(Data segment Opens)

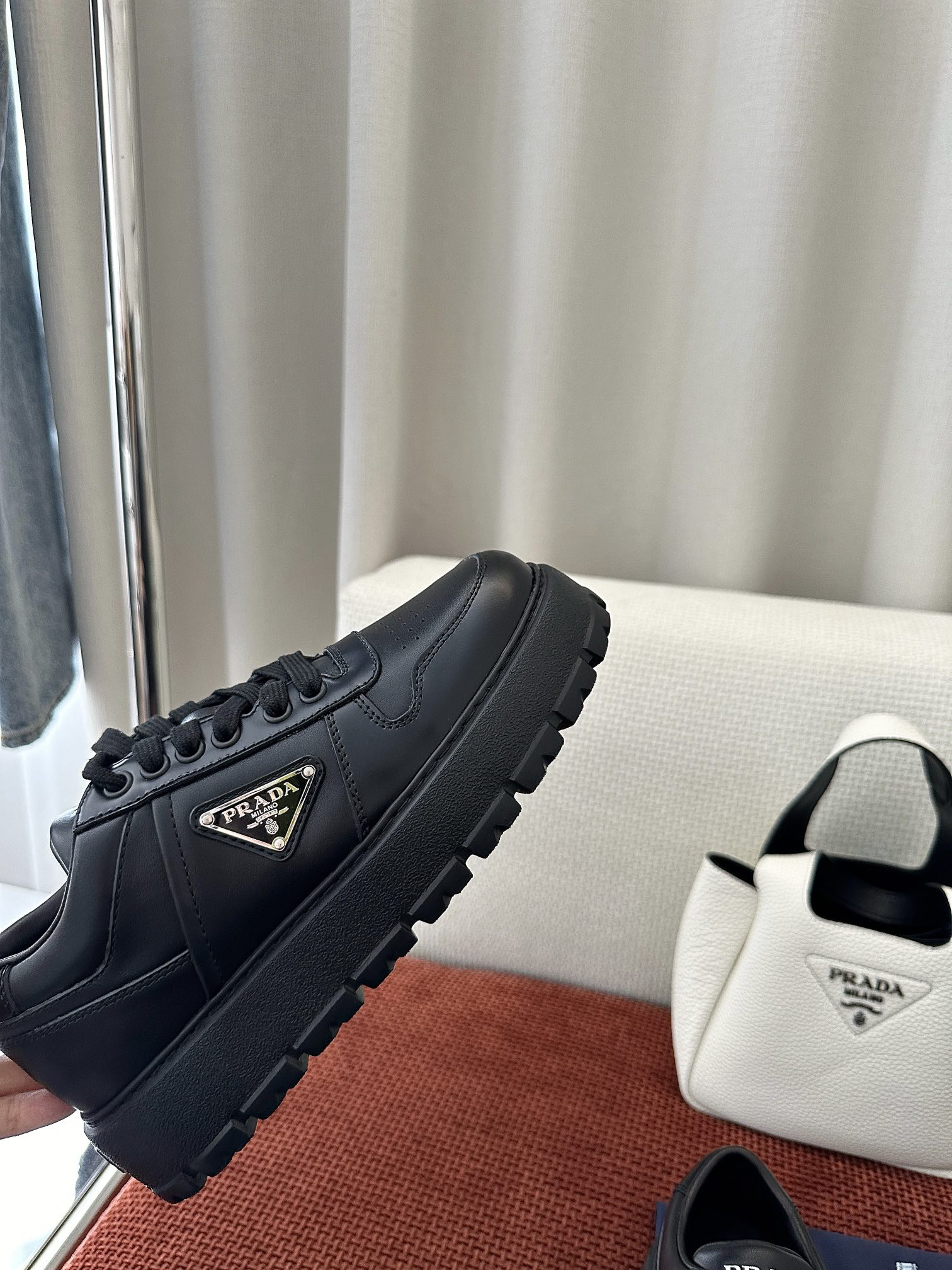 プラダ［Prada］America's Cup レザースニーカー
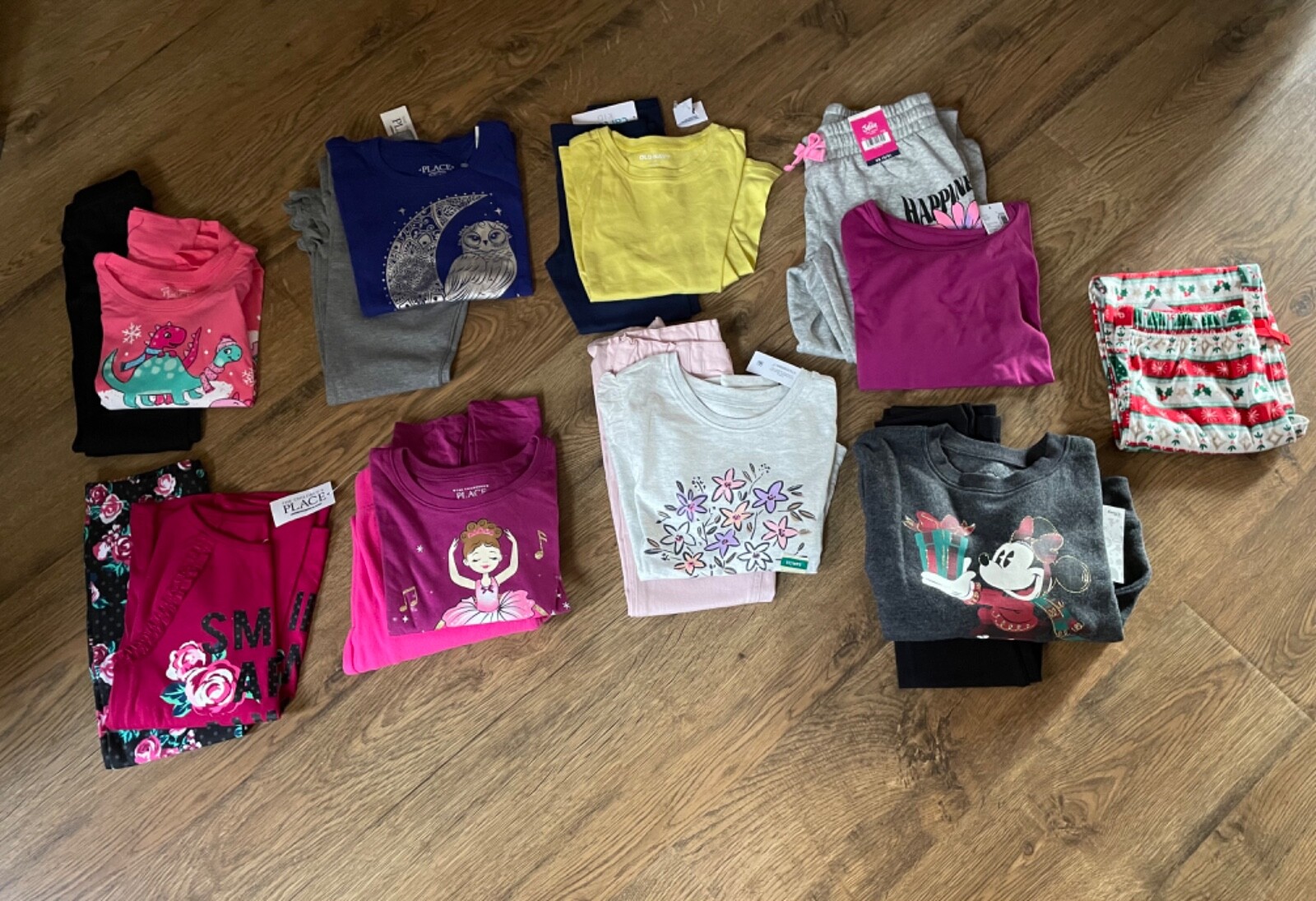NWT~Girls size 5/5T clothes lot of 17 Pcs.~Outfits~Old Navy, Jumping Beans &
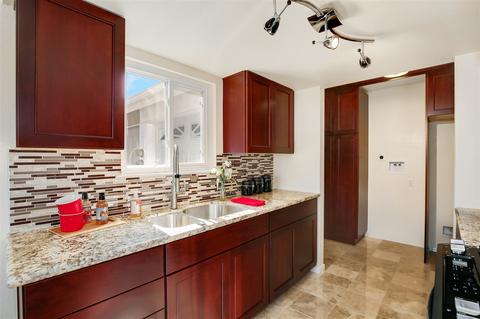 750 Teaberry St, Encinitas, CA 92024 photo 3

(Data segment Closes)

Aim of the task =>
Restate every line of the data above word for word, with the images removed.

Result of this exercise =>
 プラダ［Prada］America's Cup レザースニーカー
NWT~Girls size 5/5T clothes lot of 17 Pcs.~Outfits~Old Navy, Jumping Beans &
 750 Teaberry St, Encinitas, CA 92024 photo 3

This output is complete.